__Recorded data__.
Segment Open

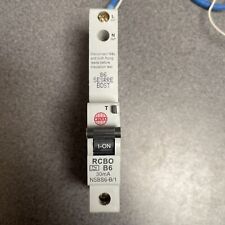 WYLEX 6 AMP Type B 6kA 30mA RCBO TYPE A NSBS6-B/1 B6 6A MCB RCD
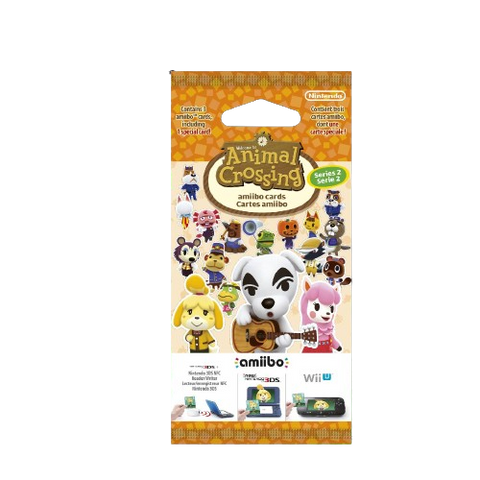 Nintendo Amiibo Cards Animal Crossing Series 2 (EU)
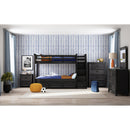 Hampton Kids Over Bunk with Staircase and Trundle Bedroom Set - Michael's Discount Furniture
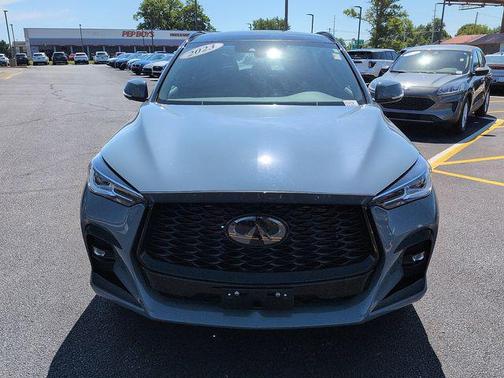 Slate Gray 2023 INFINITI QX50 SPORT AWD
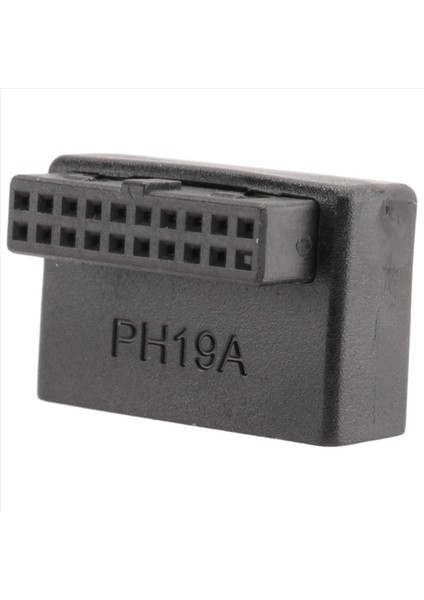 PH19A USB 3.0 Dahili Başlık Usb3.0 19/20 P Soket 90 Derece Adaptör Dönüştürücü Bilgisayar Anakartı Için (Yurt Dışından) fırsatları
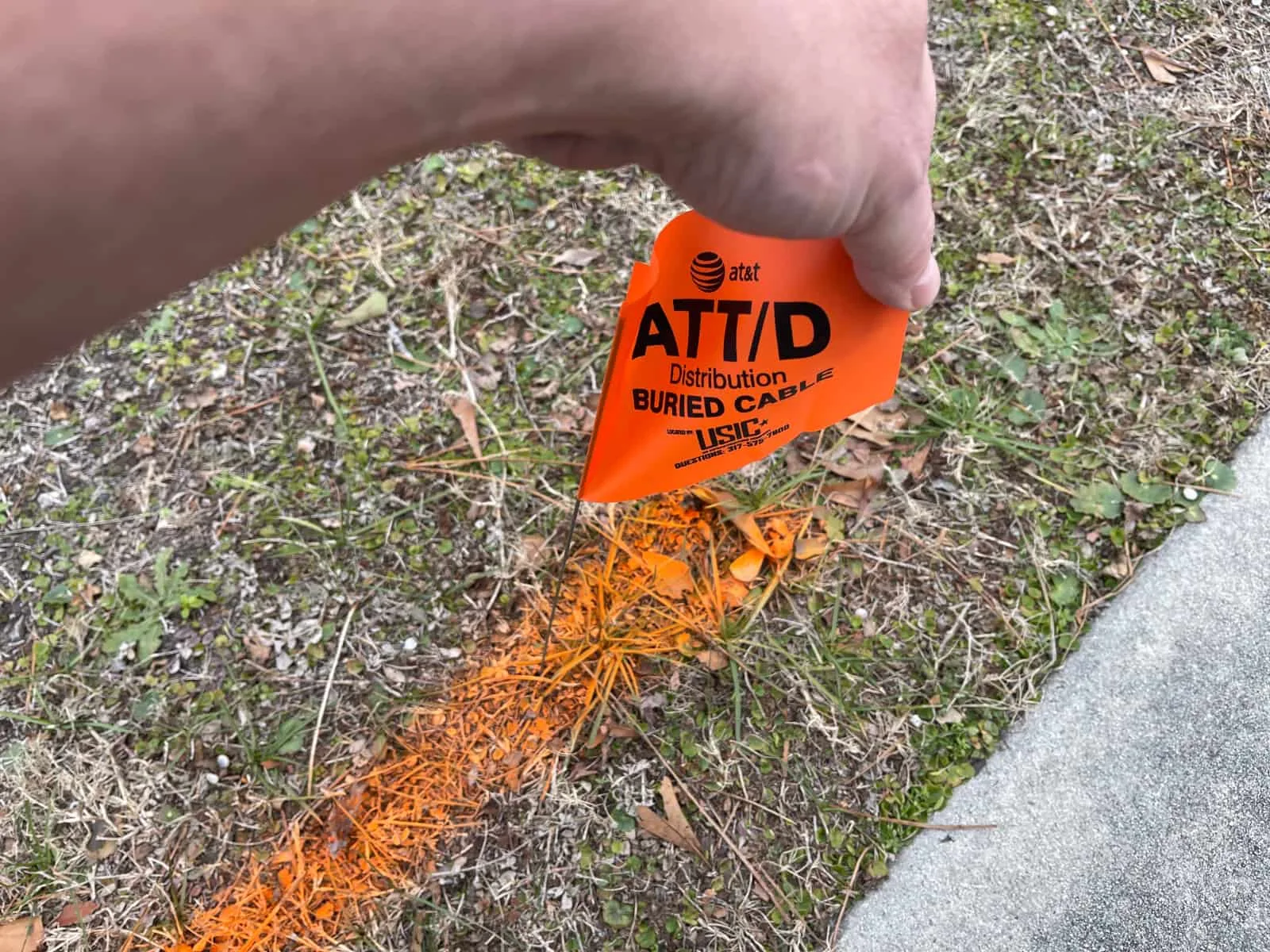 att-telephone-line-marking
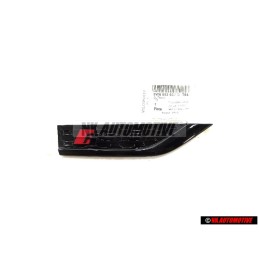 Audi Original RS5 Côté Embleme Monogramme Logo Noir Brillant - 8W6853602D T94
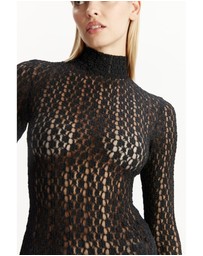Bardot - Vezza Floral Mesh Bodysuit
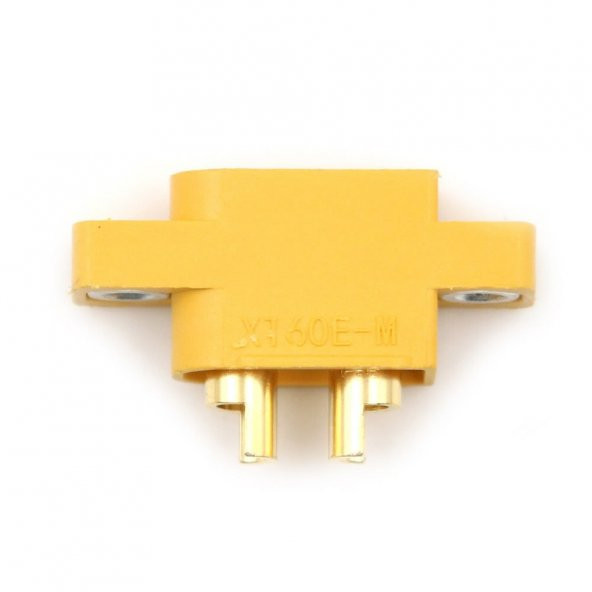 XT60 Panel Montaj Tip Erkek Konnektör Lityum LiPo Pil Akü Batarya Bağlantı Konnektörü - Resim 4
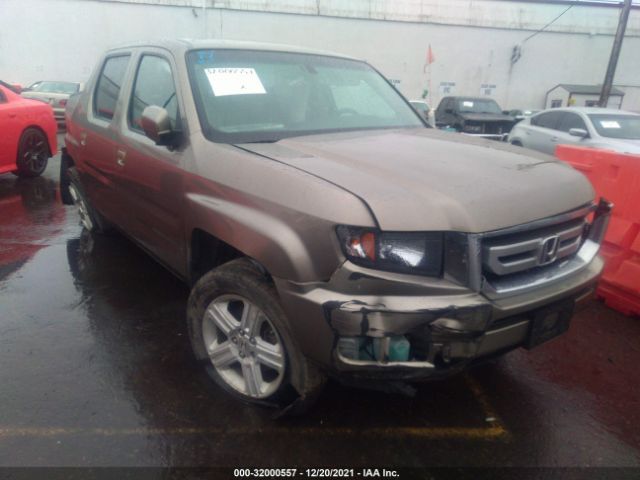 HONDA RIDGELINE 2011 5fpyk1f51bb010067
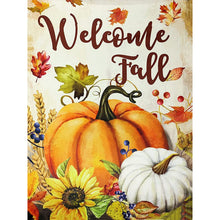 Load image into Gallery viewer, Pumpkin Lantern-Full Round Diamond Painting-30x40cm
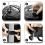 4Pcs Canopy Water Weights,(Black) 7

Segment Closed

__Problem requirements__. Only the lines starting at the one that holds "HONDA RIDGELINE 2011 5fpyk1f51bb010067" and ending at the last line of the data belong in your answer. Please set them down exactly and omit the pictures.

__Solution to the exercise__.
 HONDA RIDGELINE 2011 5fpyk1f51bb010067
 Load image into Gallery viewer, Pumpkin Lantern-Full Round Diamond Painting-30x40cm
 4Pcs Canopy Water Weights,(Black) 7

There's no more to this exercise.